Chief Petty Officer Ernest Herbert Pitcher  (31 December 1888 − 10 February 1946) (middle name also recorded as James) was a Royal Navy (RN) sailor and an English recipient of the Victoria Cross (VC), the highest award for gallantry in the face of the enemy that can be awarded to British and Commonwealth forces.

Naval career
During the First World War Pitcher served in Q ships commanded by Commander Gordon Campbell. The first was HMS Farnborough (Q.5) which sank two U-boats but was herself sunk by the second; Captain Campbell was awarded the VC after the second action. Most of the crew, including Pitcher, were rescued and followed Campbell to HMS Pargust.

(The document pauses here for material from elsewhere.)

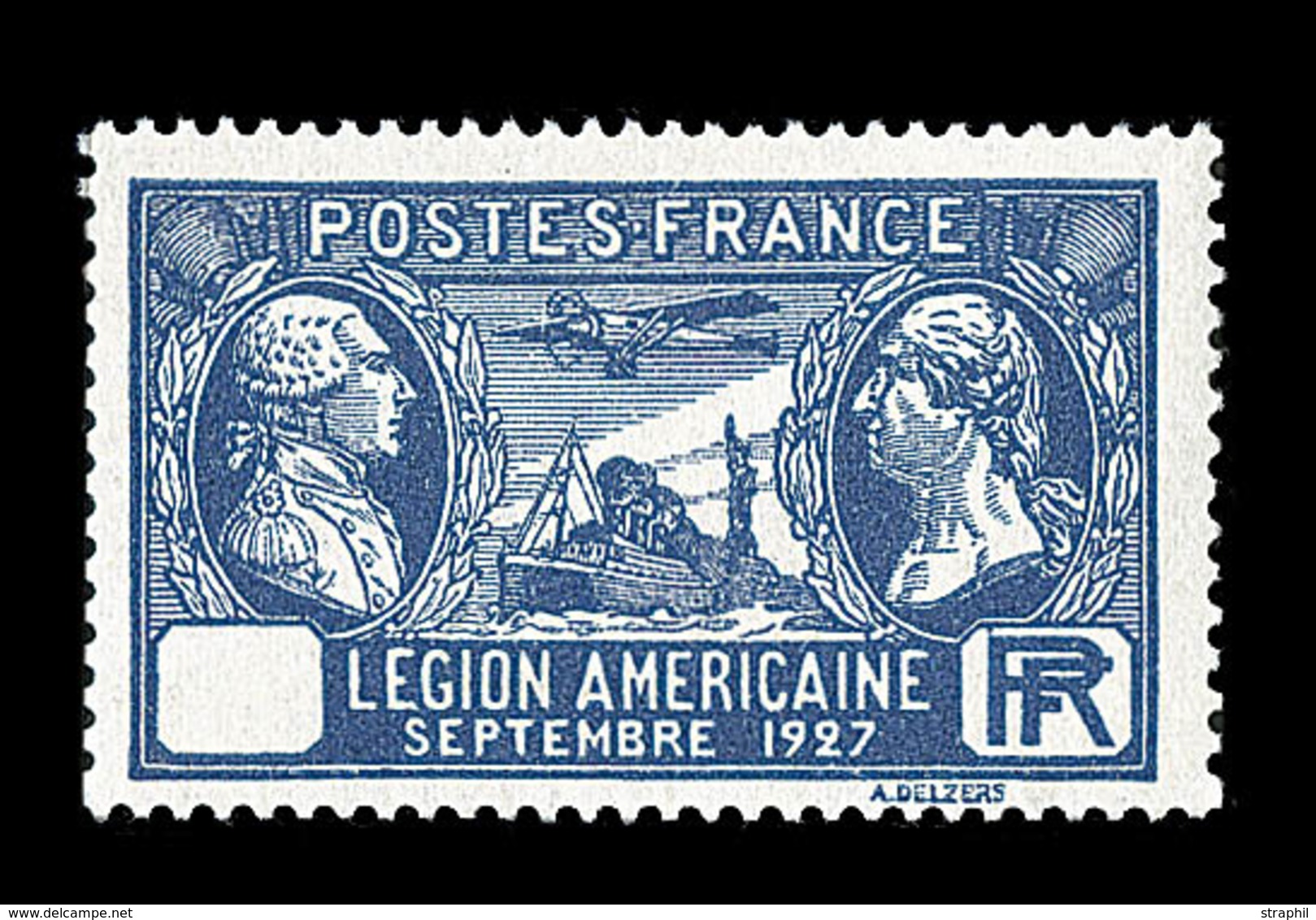 ** N°245b - 1F50 Outremer - Sans Valeur Ds Le Cartouche - TB - Unused Stamps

Pargust sank the U-boat UC-29 but was herself severely damaged. The Admiralty decided that Pargust'''s action was worthy of the VC but that all of the crew had acted with equal valour, so article 13 of the VC's royal warrant was applied and the ship's company voted for one commissioned officer and one petty officer or seaman to receive the award: these were Pargust first lieutenant, Ronald Stuart, and seaman William Williams. Pitcher received the Distinguished Service Medal. Campbell and the crew then transferred to HMS Dunraven, in which the action took place for which Pitcher was awarded the VC.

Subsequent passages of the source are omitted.